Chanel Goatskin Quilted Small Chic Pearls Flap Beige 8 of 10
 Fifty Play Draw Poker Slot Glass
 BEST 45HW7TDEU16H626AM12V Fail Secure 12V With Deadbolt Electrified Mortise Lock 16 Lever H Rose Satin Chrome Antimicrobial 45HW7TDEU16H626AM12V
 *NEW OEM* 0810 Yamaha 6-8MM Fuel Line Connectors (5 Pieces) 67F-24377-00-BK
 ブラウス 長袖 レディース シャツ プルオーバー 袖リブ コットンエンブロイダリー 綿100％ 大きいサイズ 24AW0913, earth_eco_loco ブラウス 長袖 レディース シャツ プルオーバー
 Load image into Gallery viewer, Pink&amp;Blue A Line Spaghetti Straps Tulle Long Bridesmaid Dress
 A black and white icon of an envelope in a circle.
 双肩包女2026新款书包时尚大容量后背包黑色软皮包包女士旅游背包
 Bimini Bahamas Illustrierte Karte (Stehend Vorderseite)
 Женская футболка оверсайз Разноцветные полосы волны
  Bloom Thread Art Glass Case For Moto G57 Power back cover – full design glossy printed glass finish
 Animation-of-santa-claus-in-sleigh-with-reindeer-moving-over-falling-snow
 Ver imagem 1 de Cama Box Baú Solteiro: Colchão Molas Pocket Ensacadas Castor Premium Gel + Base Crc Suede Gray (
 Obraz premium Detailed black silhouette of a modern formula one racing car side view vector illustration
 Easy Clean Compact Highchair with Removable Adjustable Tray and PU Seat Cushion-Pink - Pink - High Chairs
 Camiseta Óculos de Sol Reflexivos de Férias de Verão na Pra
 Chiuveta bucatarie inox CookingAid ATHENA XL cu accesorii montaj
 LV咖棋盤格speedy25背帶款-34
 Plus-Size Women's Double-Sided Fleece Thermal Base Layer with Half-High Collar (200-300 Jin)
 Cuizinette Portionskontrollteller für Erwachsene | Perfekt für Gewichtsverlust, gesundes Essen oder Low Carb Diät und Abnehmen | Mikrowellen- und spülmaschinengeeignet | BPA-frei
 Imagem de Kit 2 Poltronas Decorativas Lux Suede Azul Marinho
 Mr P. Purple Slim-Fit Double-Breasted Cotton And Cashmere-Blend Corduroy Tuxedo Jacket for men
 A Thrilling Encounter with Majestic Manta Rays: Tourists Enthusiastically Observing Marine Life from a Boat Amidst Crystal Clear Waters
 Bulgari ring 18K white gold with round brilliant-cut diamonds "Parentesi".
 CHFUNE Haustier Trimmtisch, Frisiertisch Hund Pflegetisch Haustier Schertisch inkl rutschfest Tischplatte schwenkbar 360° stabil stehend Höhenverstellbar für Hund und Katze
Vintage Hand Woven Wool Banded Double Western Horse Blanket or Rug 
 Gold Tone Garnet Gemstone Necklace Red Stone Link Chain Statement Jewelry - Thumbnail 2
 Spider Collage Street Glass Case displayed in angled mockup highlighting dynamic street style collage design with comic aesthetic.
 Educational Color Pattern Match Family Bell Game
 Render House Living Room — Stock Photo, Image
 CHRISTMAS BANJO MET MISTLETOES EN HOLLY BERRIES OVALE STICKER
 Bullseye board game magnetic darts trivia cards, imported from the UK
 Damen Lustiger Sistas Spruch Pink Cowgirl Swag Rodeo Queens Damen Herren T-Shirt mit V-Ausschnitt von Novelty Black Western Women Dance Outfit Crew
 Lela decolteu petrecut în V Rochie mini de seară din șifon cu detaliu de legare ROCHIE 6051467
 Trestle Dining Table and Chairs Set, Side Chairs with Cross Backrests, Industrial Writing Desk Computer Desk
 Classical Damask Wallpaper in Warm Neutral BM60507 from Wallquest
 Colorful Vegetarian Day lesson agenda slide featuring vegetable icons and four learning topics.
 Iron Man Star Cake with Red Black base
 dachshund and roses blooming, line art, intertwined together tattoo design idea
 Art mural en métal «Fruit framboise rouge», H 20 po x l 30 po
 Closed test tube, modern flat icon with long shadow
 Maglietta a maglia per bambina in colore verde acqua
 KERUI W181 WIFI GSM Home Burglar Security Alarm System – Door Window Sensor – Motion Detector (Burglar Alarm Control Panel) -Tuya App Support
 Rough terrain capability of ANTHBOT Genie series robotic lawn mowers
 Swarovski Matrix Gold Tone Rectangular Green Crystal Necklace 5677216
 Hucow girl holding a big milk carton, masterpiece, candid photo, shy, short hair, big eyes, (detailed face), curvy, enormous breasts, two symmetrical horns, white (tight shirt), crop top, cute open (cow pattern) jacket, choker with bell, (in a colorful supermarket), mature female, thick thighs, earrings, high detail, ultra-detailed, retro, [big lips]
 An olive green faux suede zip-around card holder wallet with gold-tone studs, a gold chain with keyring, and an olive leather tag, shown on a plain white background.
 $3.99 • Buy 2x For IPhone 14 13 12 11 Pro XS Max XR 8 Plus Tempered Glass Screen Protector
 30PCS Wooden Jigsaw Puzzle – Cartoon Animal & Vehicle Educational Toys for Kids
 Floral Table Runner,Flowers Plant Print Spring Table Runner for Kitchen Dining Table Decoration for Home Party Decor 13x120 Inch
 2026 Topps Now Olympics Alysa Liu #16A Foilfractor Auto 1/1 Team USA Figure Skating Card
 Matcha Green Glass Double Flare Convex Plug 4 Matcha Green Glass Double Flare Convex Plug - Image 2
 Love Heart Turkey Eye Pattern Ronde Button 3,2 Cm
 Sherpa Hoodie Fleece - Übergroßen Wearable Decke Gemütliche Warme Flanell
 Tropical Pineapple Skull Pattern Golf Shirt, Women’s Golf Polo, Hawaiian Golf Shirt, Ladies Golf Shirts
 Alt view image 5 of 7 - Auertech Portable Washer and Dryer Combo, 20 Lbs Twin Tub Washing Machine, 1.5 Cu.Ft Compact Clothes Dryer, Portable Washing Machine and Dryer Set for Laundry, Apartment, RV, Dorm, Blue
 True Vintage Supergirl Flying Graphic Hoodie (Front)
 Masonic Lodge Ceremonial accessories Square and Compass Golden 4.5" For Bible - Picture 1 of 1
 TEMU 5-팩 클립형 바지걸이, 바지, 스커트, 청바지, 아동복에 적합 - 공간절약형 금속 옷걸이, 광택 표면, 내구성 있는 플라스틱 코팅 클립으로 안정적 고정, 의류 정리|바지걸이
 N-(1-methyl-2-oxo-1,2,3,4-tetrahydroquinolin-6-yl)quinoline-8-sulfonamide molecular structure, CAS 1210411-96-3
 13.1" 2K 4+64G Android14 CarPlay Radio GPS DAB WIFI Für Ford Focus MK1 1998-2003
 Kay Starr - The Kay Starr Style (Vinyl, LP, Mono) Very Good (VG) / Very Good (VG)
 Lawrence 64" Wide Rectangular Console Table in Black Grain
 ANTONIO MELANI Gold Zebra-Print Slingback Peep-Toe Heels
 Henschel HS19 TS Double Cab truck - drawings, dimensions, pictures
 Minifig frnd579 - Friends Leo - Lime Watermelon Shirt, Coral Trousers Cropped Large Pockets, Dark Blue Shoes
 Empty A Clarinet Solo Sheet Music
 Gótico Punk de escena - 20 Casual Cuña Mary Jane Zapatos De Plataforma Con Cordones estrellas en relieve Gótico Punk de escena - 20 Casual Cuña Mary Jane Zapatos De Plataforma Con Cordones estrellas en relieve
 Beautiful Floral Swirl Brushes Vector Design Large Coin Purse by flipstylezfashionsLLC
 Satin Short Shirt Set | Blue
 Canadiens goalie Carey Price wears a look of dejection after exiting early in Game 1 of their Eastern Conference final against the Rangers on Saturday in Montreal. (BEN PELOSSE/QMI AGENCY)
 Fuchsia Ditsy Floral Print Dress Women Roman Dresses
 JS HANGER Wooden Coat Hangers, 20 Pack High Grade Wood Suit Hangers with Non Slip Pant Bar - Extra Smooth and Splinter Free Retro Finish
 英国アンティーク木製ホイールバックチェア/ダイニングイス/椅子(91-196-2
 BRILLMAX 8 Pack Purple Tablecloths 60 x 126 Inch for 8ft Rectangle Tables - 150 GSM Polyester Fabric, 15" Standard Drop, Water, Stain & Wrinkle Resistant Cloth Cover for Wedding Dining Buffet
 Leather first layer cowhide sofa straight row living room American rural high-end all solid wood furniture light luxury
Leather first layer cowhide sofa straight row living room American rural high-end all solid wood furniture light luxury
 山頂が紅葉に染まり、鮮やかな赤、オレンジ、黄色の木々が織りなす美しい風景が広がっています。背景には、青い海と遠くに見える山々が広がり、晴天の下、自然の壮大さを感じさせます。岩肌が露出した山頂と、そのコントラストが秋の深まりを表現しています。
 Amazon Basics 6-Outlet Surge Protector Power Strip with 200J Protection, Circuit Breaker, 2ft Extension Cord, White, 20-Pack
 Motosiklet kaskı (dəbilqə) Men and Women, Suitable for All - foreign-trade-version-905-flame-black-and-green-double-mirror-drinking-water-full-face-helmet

REQUIRED ACTION:
All lines in the listing above from the line containing "(5 Pieces) 67F-24377-00-BK" to the line containing "LV咖棋盤格speedy25背帶款-34", inclusive, should be retyped exactly; no other lines should appear.

OUTPUT OF THE TASK:
 *NEW OEM* 0810 Yamaha 6-8MM Fuel Line Connectors (5 Pieces) 67F-24377-00-BK
 ブラウス 長袖 レディース シャツ プルオーバー 袖リブ コットンエンブロイダリー 綿100％ 大きいサイズ 24AW0913, earth_eco_loco ブラウス 長袖 レディース シャツ プルオーバー
 Load image into Gallery viewer, Pink&amp;Blue A Line Spaghetti Straps Tulle Long Bridesmaid Dress
 A black and white icon of an envelope in a circle.
 双肩包女2026新款书包时尚大容量后背包黑色软皮包包女士旅游背包
 Bimini Bahamas Illustrierte Karte (Stehend Vorderseite)
 Женская футболка оверсайз Разноцветные полосы волны
  Bloom Thread Art Glass Case For Moto G57 Power back cover – full design glossy printed glass finish
 Animation-of-santa-claus-in-sleigh-with-reindeer-moving-over-falling-snow
 Ver imagem 1 de Cama Box Baú Solteiro: Colchão Molas Pocket Ensacadas Castor Premium Gel + Base Crc Suede Gray (
 Obraz premium Detailed black silhouette of a modern formula one racing car side view vector illustration
 Easy Clean Compact Highchair with Removable Adjustable Tray and PU Seat Cushion-Pink - Pink - High Chairs
 Camiseta Óculos de Sol Reflexivos de Férias de Verão na Pra
 Chiuveta bucatarie inox CookingAid ATHENA XL cu accesorii montaj
 LV咖棋盤格speedy25背帶款-34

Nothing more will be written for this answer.